Everyone tosses and turns sometimes. But if you’re one of the 40 percent of people who have difficulty sleeping, a few gentle pre-bedtime stretches could help you get the shuteye you need. Why? “Stretching and yoga activate the parasympathetic nervous system, which tells your body to slow down, rest, and digest,” says Candace Cabrera Tavino, an E-RYT 500 yoga instructor and NASM personal trainer. “So afterward, you’ll feel calmer and more relaxed for better sleep.”
Not only does yoga promote sounder sleep, research reveals it may also be a natural way to combat insomnia. And if restless legs keep you awake at night, there’s more good news. One recent study found that regular yoga practice reduced restless leg syndrome symptoms in 77 percent of participants resulting in improved sleep quality, not to mention less stress and a happier mood.
That said, not all stretching routines are equally effective. According to the National Sleep Foundation, you’ll want to avoid anything that gets your heart pumping, like vinyasa or hot yoga. Instead, stick with slower, restorative routines that encourage deep breathing like Hatha, Yin, or Nidra yoga.
How does pre-bedtime stretching differ from the typical daytime yoga or stretch class? For starters, it doesn’t take very long. As little as 10 minutes should do the trick, but you can always go longer if you prefer.

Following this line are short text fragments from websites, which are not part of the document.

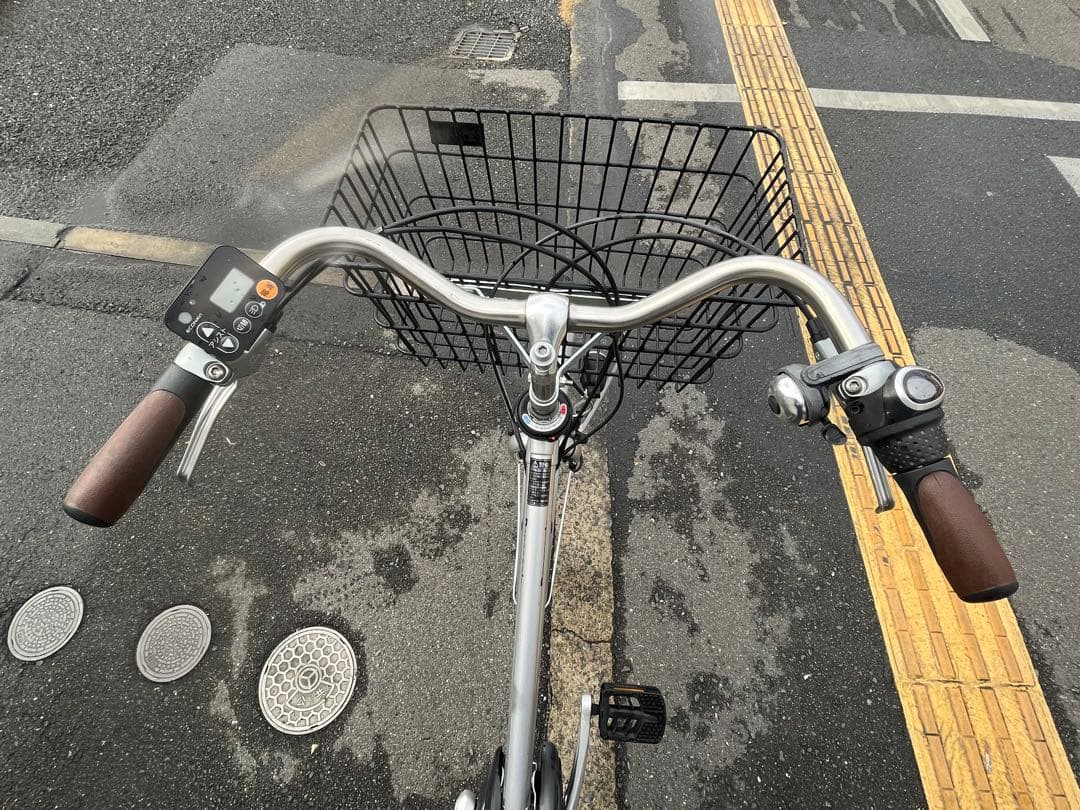 大阪　中古Panasonic電動アシスト運搬車　16Ah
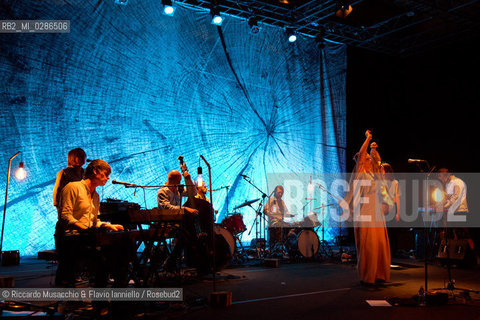 Roma, Auditorium Parco della Musica 24 11 2013.La Voce: Ane Brun in concerto..In apertura: Tonbruket. ©Riccardo Musacchio & Flavio Ianniello/Rosebud2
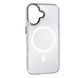 Накладка Mirror With Magsafe Apple iPhone 17 Transparent S-426 фото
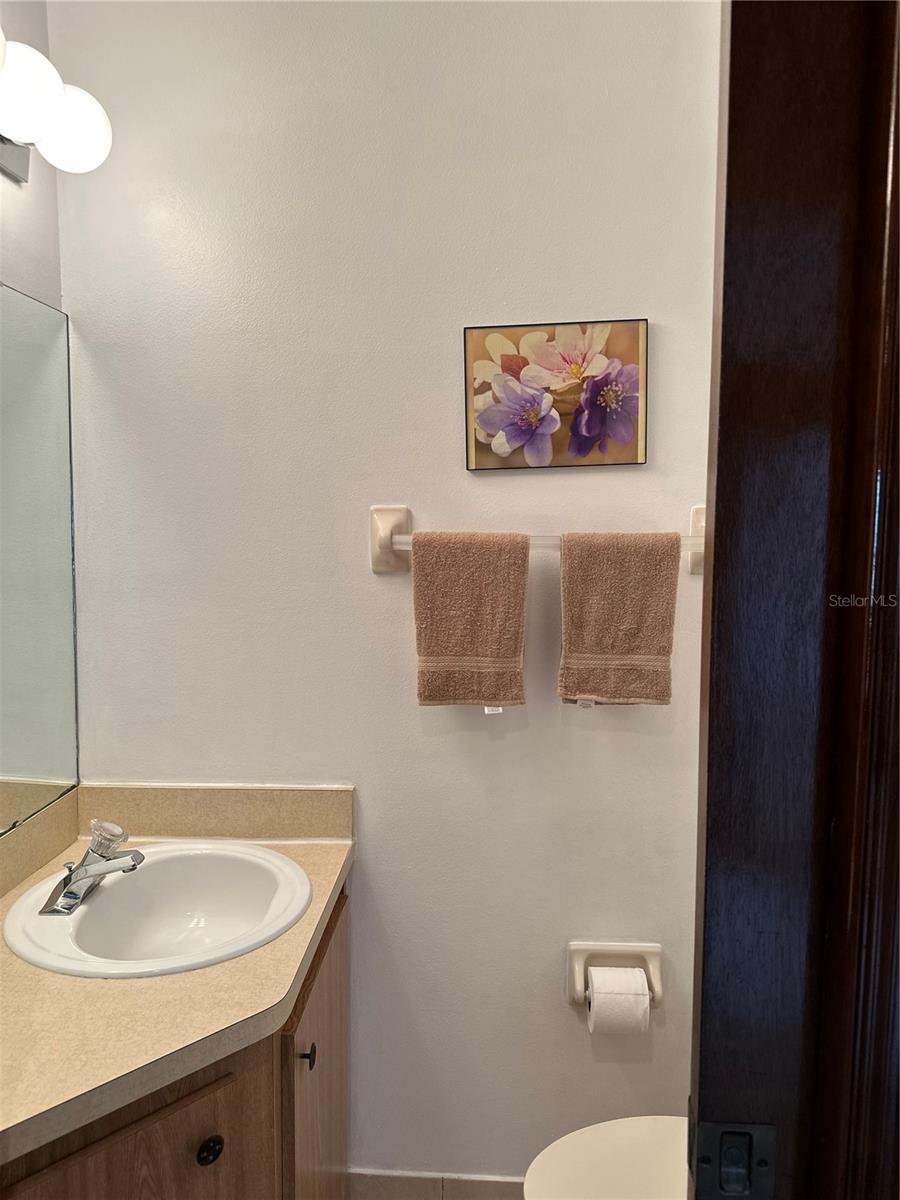 Half Bath-vanity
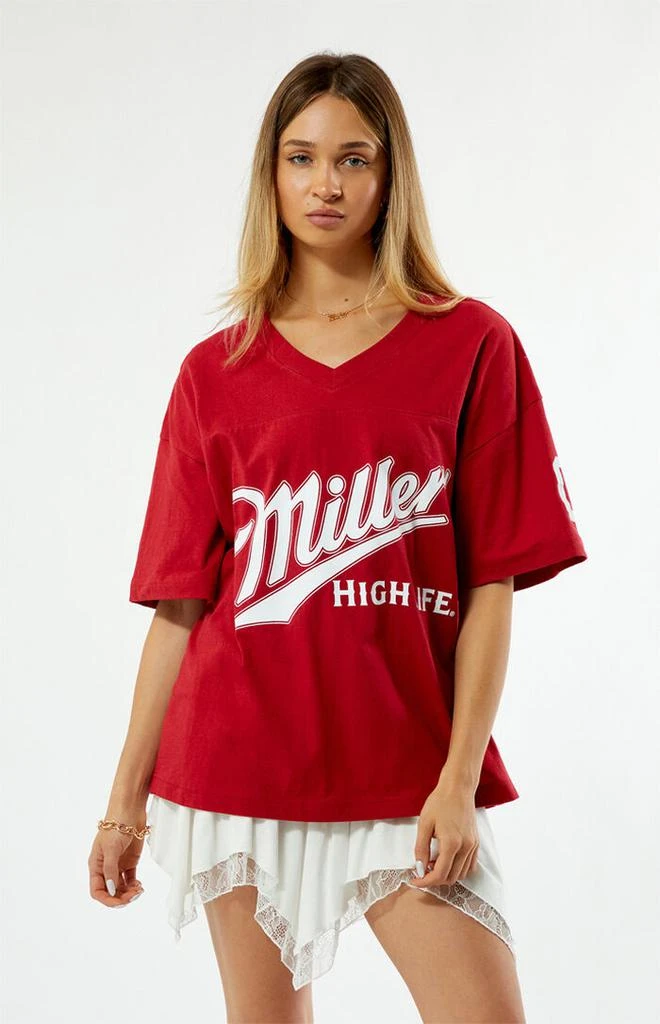 Miller High Life Jersey T-Shirt 1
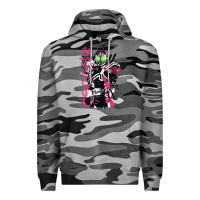 Slate Camo kamen rider decade Premium Hoodie - linhVisuals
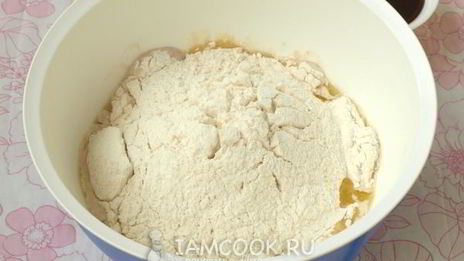 ватрушки постные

Plus, you can do it in the comfort of your bed, although a carpeted floor or yoga mat are also good alternatives, says Cabrera Tavino. And no need to wait until right before lights out. Stretching any time in the evening can help ease your mind and muscles.
So put on your coziest PJs, dim the lights, and get ready to relax your way into dreamland with these soothing pre-bedtime stretches.
Seated Cat-Cow. Begin in easy pose, sitting upright with your legs crossed and your hands on your knees. Inhale, gently arch your back and draw your sternum forward while gazing up toward the ceiling. Then, reverse the pose. Exhale and tuck your chin. Round the back and straighten your arms while still touching your knees. Return to easy pose and repeat for 5 breaths.
Seated Twist. Starting in easy pose, take your left hand to your right knee. Bring your right hand behind you onto the ground. Breathe in and lengthen through the spine. Breathe out and pull firmly on the right knee to twist. Repeat 5 times. Return to center and switch to the other side for 5 repetitions.
Seated Side Bend. Continuing in easy pose, place your right hand on the ground to your side, about a foot away from your body. Inhale, lift the left arm up and over your head. Then, exhale as you lean to the right. Try this 5 times, then repeat on the other side.
Seated Forward Fold. Sit with your legs extended straight in front of you with your feet flexed. Place your fingers on the floor on either side of your hips. Inhale to lengthen the spine. Then exhale and lean forward, reaching toward your toes while keeping your back flat. If it’s comfortable, feel free to hold onto the sides of your feet. Hold for 1 to 3 minutes.
Legs Up the Wall. Facing a wall (or the headboard of your bed), lay flat on your back and scoot your tailbone as close to the wall as possible. Raise your legs in the air, pressing them upward against the wall so that your body resembles the letter L. Keep your arms at your sides, with your palms facing upward. Hold for up to 3 minutes. To release the pose, slowly draw your knees into your chest and roll over onto your side. Gradually push yourself up into a seated position and rest quietly for a few seconds before standing.
This information is for educational purposes only and is not intended as a substitute for medical diagnosis or treatment. You should not use this information to diagnose or treat a health problem or condition. Always check with your doctor before changing your diet, altering your sleep habits, taking supplements, or starting a new fitness routine.